It seems everyone around the world has got the solar bug. Many countries are busy investing large amounts of capital in the clean energies of the future. One area where renewables are starting to show a considerable growth is Latin America, particularly in countries such as Argentina.
With the cost of solar coming down over the last ten years and new players such as China playing a bigger role on the green energy landscape, it’s no surprise that almost every day we appear to be getting news of another solar farm construction.
The 300MW project planned at Jujuy in the north of Argentina is set to go into construction shortly at a cost of a little over US$400 million. The Cauchari solar plant will consist of three 100MW sites and is 80% owned by government run energy company Jemse SE, with a 20% stake held by the Shanghai Electric and Talesun, which is also has the contract to build it.
This highlights the continuing trend of Chinese companies taking some role or stake in energy projects all around the world (they also have a share in the much derided Hinkley Point C nuclear power plant here in the UK).
Argentina is thought to be moving well ahead of its Latin American counterparts in the development of renewable energy and has made a promise to ensure that 20% of its power will come from these sources by 2025. It’s even declared 2017 as Renewable Energy Year to help promote technologies such as solar, wind and hydro-electric and widen the public debate.

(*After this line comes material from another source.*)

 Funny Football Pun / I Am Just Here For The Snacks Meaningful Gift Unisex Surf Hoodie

The country is hoping to achieve their energy goal by holding several auctions for contracts, all this with the hope of achieving at least 10GW of renewables by the 2025 deadline. This development has been run in conjunction with the International Finance Corporation which is part of the World Bank Group. After the first auctions were carried out, the IFC commented:
“The first renewable-energy auction, which aimed to attract 1,000 megawatts worth of new projects, ended up with bids for more than six times that amount—a signal of confidence from local and international developers. Ultimately, after two rounds of bidding, more than 2,400 megawatts were awarded, primarily to wind and solar projects.”
This relationship has inevitably led to the Cuachari plant going into full scale construction this year and could open the door for many other renewable energy projects over the next few years.

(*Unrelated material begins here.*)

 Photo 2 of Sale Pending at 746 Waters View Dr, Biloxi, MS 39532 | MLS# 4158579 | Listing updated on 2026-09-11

Apart from solar, Argentina has great potential for wind power but has, to date, neglected this area with only about 279 MW currently installed. According to Wind Power Monthly, the country could manage to leverage at least 10 times this amount. Indeed, a new auction is on the horizon to help create another 550 MW of wind energy, something that the World Bank itself is backing with a $250 million guarantee.
There’s no doubt that the future of Argentina when it comes to renewables looks bright. The 300 MW Cauchari plant is set to come on line within the next few years and will undoubtedly transform the country’s potential to become the region’s biggest low carbon economy. Whether other Latin American countries follow their example, remains to be seen.